Et maintenant, à la dernière station du Chemin de Croix, comme les Femmes fidèles de l’Evangile (cf.
Mt 27,55-56 Mt 61), nous devrions nous arrêter et méditer ; et après avoir observé de l’extérieur, peut-être avec les yeux pleins de larmes et le coeur rempli d’horreur et d’épouvanté, la tragique et cruelle histoire du condamné à la croix, nous devrions y repenser en nous recueillant à l’intérieur de nous-mêmes, avec les questions habituelles, douloureuses, qui viennent à l’esprit devant la mort, devant une Personne bonne et chère, victime de la cause qu’elle a soutenue et de la cruauté des autres.

Autrement dit, nous devrions nous interroger nous-mêmes sur le sens du Chemin de Croix.

Il ne nous sera pas possible d’obtenir une réponse de notre seule réflexion, toujours un peu perdue dans une semblable recherche ; mais sous l’éclairage de la foi, le cadre posthume du Chemin de Croix se remplit d’une lumière très instructive et émouvante, même s’il s’agit d’une lumière plus forte que notre oeil, la lumière du mystère de la croix (cf. 1Co 1,18).

Le sens du Chemin de Croix. Qui était le Crucifié ? Nous sommes, hélas, habitués aux malheurs humains, répandus à travers l’histoire et à tous les coins du monde ; les monuments funéraires, dédiés aux grands, aux héros, aux personnalités de choix, n’égalent pas celui du sépulcre vide du Christ. Qui était le Crucifié ? Il était, par excellence, le Fils de l’homme, il était, éminemment, le Fils de Dieu fait homme ! Le centurion lui-même l’a reconnu, lui qui présida à l’exécution du supplice : « Vraiment celui-ci était Fils de Dieu ». Première pensée qui nous donne le vertige, qui provoque l’extase chez les Saints contemplant la Croix.

Mais d’autres demandes nous pressent. Qu’est-ce donc que la mort du Christ a de spécial, d’unique, d’universel ? Elle était et elle est une mort qui mérite le qualificatif le plus élevé qu’une mort puisse mériter, à savoir un sacrifice ; bien plus, le vrai sacrifice capable de sauver le monde. Oui, c’est là un chapitre inépuisable de la théologie et de l’anthropologie. Par conséquent, cela vaut aussi pour nous, aussi pour moi ? Oui, chacun peut dire : pour moi aussi. Donc un sacrifice humano-divin intentionnel, voulu, prévu, librement consommé ; un sacrifice d’amour ? Oui, un sacrifice d’amour; d’amour sans frontière, sans limite. Vraiment pour moi, vraiment pour nous ? Oui. Et alors surgit ici un sentiment de reconnaissance, de sympathie, d’expérience, qui sera l’âme, désormais, de ma religion chrétienne, un sentiment d’amour pour le Christ ! Oui, Frères, souvenez-vous en ! Souvenons-nous en à l’occasion de l’une de ces circonstances, malheureusement communes et inévitables de notre vie temporelle : quand la souffrance nous éprouve et nous consume ; elle peut être associée à la souffrance de la Croix, et en acquérir la valeur; ne maudissons plus la douleur, ne la privons pas de la valeur morale et spirituelle qu’elle peut revêtir dans la mesure où elle est unie à celle du Christ.

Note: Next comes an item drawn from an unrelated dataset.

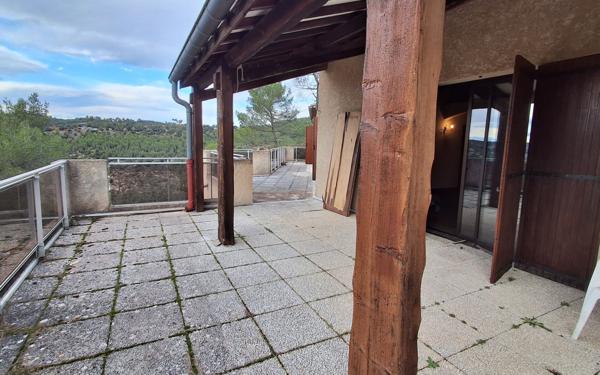 Maison à vendre    4 pièces •  Esparron-de-Verdon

Et encore ? Sur le chemin de la croix du Christ nous apprenons à connaître, à vénérer, à soigner, à servir la souffrance, quelle qu’elle soit, des hommes qui sont tous désormais nos frères. Le Chemin de Croix est une école de compassion, sentiment fondamental d’humanité et de solidarité, que certains rêves démesurés d’égoïsme ou d’orgueil voulaient bannir du coeur humain devenu dur comme le fer. Ce n’est pas ainsi que se présente le coeur chrétien qui, au rythme de celui du Christ, apprend à battre en harmonie avec celui qui est dans le besoin, dans la douleur, dans le malheur.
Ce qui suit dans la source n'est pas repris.